Lenders primarily approve home loans based on the applicants’ income, credit score, repayment capacity and other factors. Failing to match the criteria set by the lenders can lead to the rejection of a home loan application.
Here are some of the factors that first-time home loan borrowers should keep in mind for increasing their home loan eligibility.
Review your credit score at regular intervals
Your credit score would be amongst the first factors considered by banks and HFCs for evaluating home loan applications. Applicants having credit scores of 750 or above have higher chances of loan approval. Such credit scores can also help them in availing home loans at lower interest rates. Hence, those planning to avail home loans in future should start reviewing their credit scores at regular intervals. Doing so would allow individuals having low credit scores to take the necessary measures to improve their credit score. An improved credit score would increase their chances of availing home loans at lower interest rates.
Try to contribute a higher down payment
The LTV ratio is the proportion of the property value that a bank or NBFC can lend to the home loan borrower. The remainder of the property’s cost has to be covered by the buyer from his own funds, either as a down payment or a margin contribution. The final LTV ratio for a home loan application will be determined mostly by the lender’s credit risk assessment of the borrower. As a result, applicants should first try to save at least 10% to 25% of their property value to ensure that they are financially prepared to make a margin contribution or down payment on the loan.
A higher down payment reduces the credit risk and improves the chances of loan approval. Some lenders also offer lower interest rates to borrowers opting for lower LTV ratios. Hence, home loan applicants looking to reduce their interest cost should aim at creating bigger corpuses for their home loan down payment. However, avoid compromising your emergency fund and investment portfolios earmarked for crucial financial goals for making higher down payment or margin contribution. Doing so may force them to avail loans at higher interest rates to deal with financial exigencies.
Examine your EMI affordability
Home loan lenders also consider the repayment capacity of applicants while evaluating their home loan applications. Banks and HFCs usually prefer lending to those applicants whose total EMI obligation, including the one for the new home loan, remains within 50-60% of their monthly income. Those exceeding this limit have lower chances of getting a home loan approved. Such applicants should try to decrease their loan repayment obligations by foreclosing or prepaying some of their previous loans, choosing a longer repayment term, or making a higher down payment or margin contribution for their new home loan.

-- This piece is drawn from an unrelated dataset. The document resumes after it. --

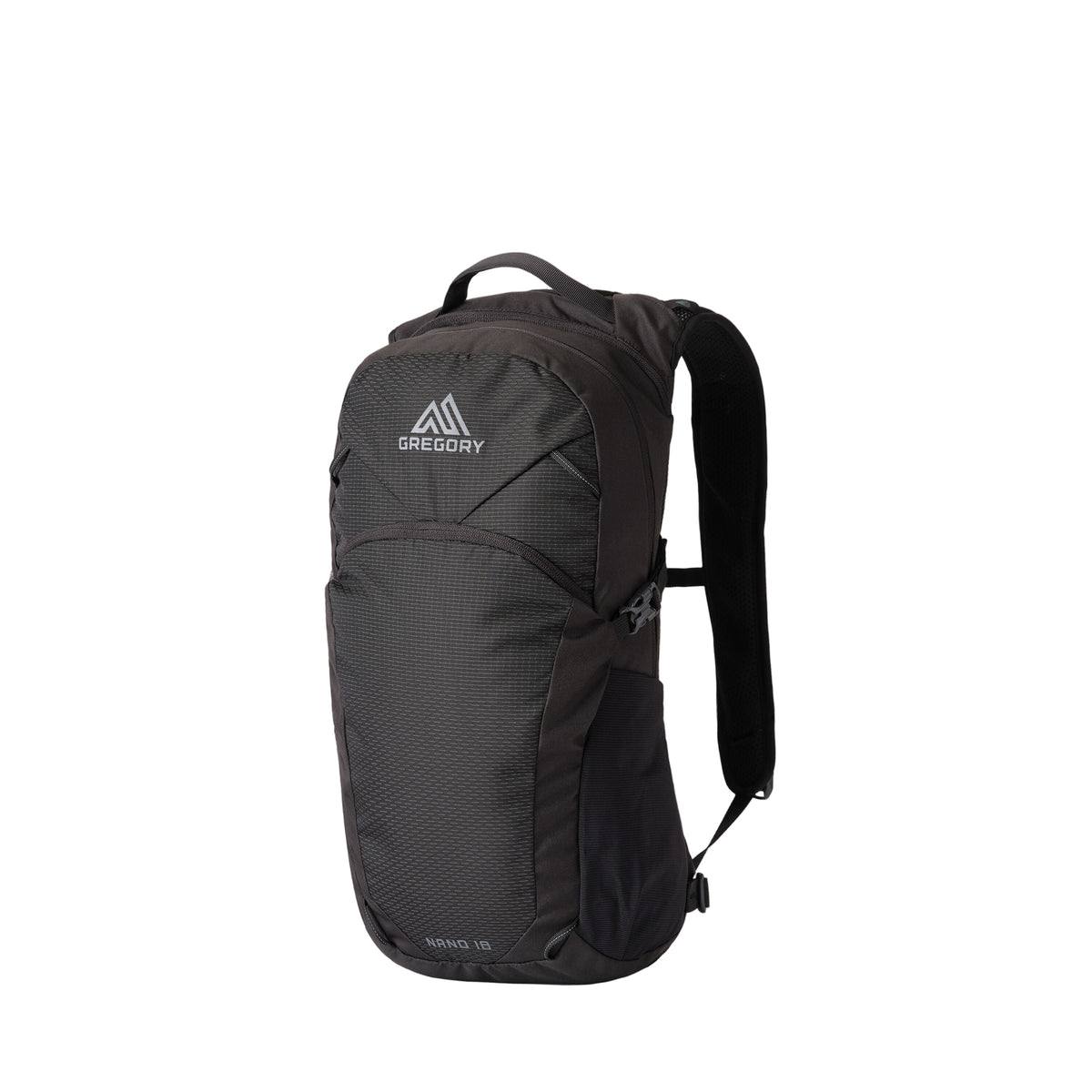 Gregory Nano 18L Daypack in Optic Black - Front View with laptop/tablet sleeve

Applicants can take the help of online home loan EMI calculators to know their optimum EMI based on their repayment capacity. This reduces the chances of defaulting on EMIs in the future.
Factor in your home loan EMIs in your emergency fund
Unexpected financial exigencies or income loss due to job loss, illness, disability or other circumstances can occur at any time, which can adversely affect your loan repayment capacity. Also, defaults on home loan EMIs can attract penalties and a drop in credit score. While you can liquidate your current investments to pay off your home loan EMIs, this can have a negative impact on your long-term financial health. Hence, it’s better to include the estimated home loan EMIs for at least six months in your emergency fund. This will allow you to continue EMI repayments even if you run into financial difficulties.

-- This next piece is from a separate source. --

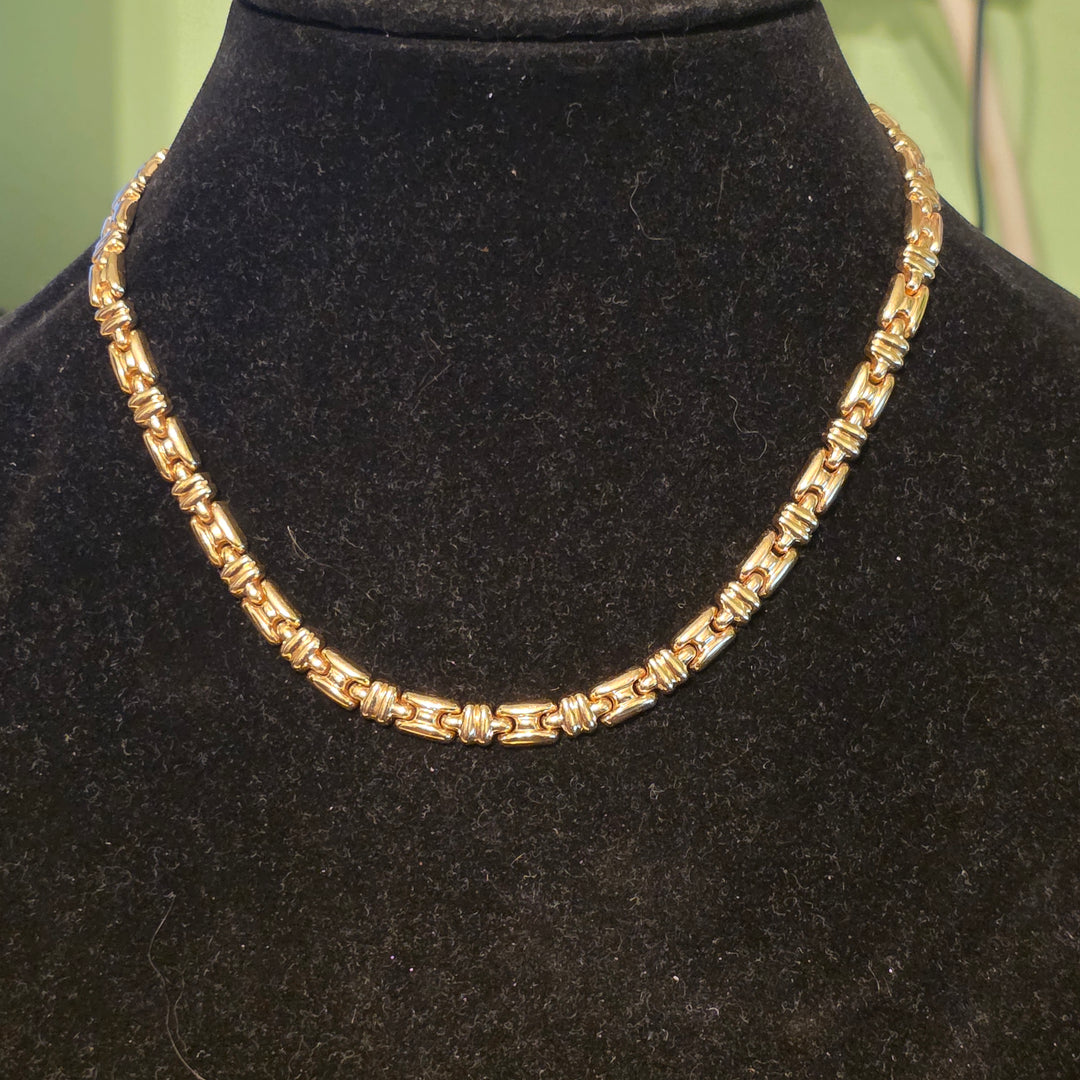 14K Gold Chunky Stutter Link Necklace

Compare home loan offers from multiple lenders
The interest rates, loan amount, LTV ratio, loan tenures, processing fees and other associated costs of home loans can differ widely across lenders based on their credit risk evaluation of loan applicants. As home loans are usually of more substantial value and have longer tenure, even a small difference in the interest rate can have long term effect. Hence, home loan applicants should extensively research and compare the home loans features offered by as many banks and Housing Finance Companies (HFCs) as possible before settling on a particular one.
Home loan applicants should first approach lenders with whom they have existing deposit or lending relationships as many home loan lenders offer preferential interest rates and other terms and conditions to their existing customers. Then, they should visit online financial marketplaces to evaluate interest rates and other home loan characteristics offered by other lenders.
Loop in a co-applicant to boost loan eligibility
Many home loan applications are rejected due to low credit score, insufficient income, high EMI obligations, etc. of the home loan applicants. Such borrowers can improve their loan eligibility and approval chances by lopping in a co-applicant, preferably someone with a steady income and a good credit score. Note that looping in a female co-applicant can additionally fetch an interest rate concession of 0.05% from some lenders.